Let $A$ and $B$ be positive semidefinite finite dimensional matrices with unit trace such that $|A-B|_1\leq \varepsilon$ where one can choose any nonzero $\varepsilon$.
Let $\lambda_1\geq \lambda_2 \geq ... \geq \lambda_n$ be the eigenvalues of $A$ in decreasing order and let $\mu_1\geq \mu_2 \geq ... \geq \mu_n$ be the eigenvalues of $B$. Is there a upper bound one can place on
$$|\lambda_i - \mu_i|$$
for all choices of $i$? I can show the bound $1/2$ for small enough $\varepsilon$ but it feels not tight.
I assume that $A$ and $B$ are symmetric real matrices (or complex self-adjoint matrices).

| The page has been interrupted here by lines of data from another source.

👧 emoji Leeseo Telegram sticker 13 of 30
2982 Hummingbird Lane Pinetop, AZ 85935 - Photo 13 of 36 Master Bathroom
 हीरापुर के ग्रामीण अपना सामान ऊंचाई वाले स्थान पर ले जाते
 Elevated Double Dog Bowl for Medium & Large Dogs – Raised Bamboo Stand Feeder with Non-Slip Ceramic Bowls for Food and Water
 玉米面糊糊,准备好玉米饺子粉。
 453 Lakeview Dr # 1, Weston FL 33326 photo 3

I assume that $|\cdot|_1$ denotes the nuclear norm.
Let $\rho_1 \geq \cdots \geq \rho_n$ denote the eigenvalues of $A-B$. Weyl's inequalities tell us that for all $j = 1,\dots, n,$ we have $$ \mu_j + \rho_n \leq \lambda_j \leq \mu_j + \rho_1 \implies\\ \rho_n \leq \lambda_j - \mu_j \leq \rho_1. $$ However, we have $$ |A-B|_1 = |\rho_1| + \cdots + |\rho_n| \leq \epsilon, $$ which implies that $|\rho_j| \leq \epsilon$ for all $j$, so that $\rho_n \geq - \epsilon$ and $\rho_1 \leq \epsilon$.
With that, we conclude that $|\lambda_j - \mu_j| \leq \epsilon$. This bound is tight, as can be seen by considering certain diagonal matrices $A$ and $B$.